Methods: We analyzed Canada’s longitudinal National Population Health Survey 1994-2010 (n = 8,570 at baseline), using multilevel growth models to estimate the age trajectory of SRH by cohort, accounting for period and incorporating the influence of changes in education, household income, smoking status, and body mass index (BMI) on SRH over time.

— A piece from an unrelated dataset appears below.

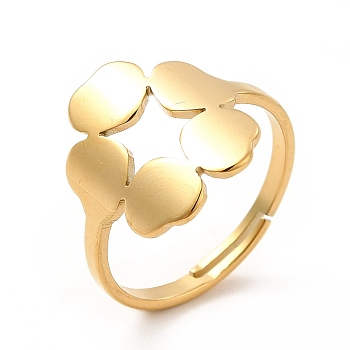 Ion Plating(IP) 201 Stainless Steel Flower Adjustable Ring for Women, Real 18K Gold Plated, US Size 6 1/2(16.9mm)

Findings: SRH worsened with increasing age in all cohorts. Cohort differences in SRH were modest (p = 0.034), but there was a significant period effect (p = 0.002).We found marked cohort effects for increasing education, income, and BMI, and decreasing smoking from the youngest to the oldest cohorts, which were much reduced (education and smoking) or removed (income and BMI) once period was taken into account. At the population level, multivariable analysis showed the benefits of increasing education and income and declines in smoking on the trajectory of improving SRH were almost counterbalanced by the effects of increasing BMI (obesity).
Conclusions: We found no evidence to support the expectation that baby boomers will age more or less healthily than previous cohorts did. We also found that increasing BMI has likely undermined improvements in health that might have otherwise occurred, with possible implications for the need for health care. Period effects had a more profound effect than birth cohort effects. This suggests that interventions to improve health, such as reducing obesity, can be targeted to the entire, or a major portion of the, population and need not single out particular birth cohorts.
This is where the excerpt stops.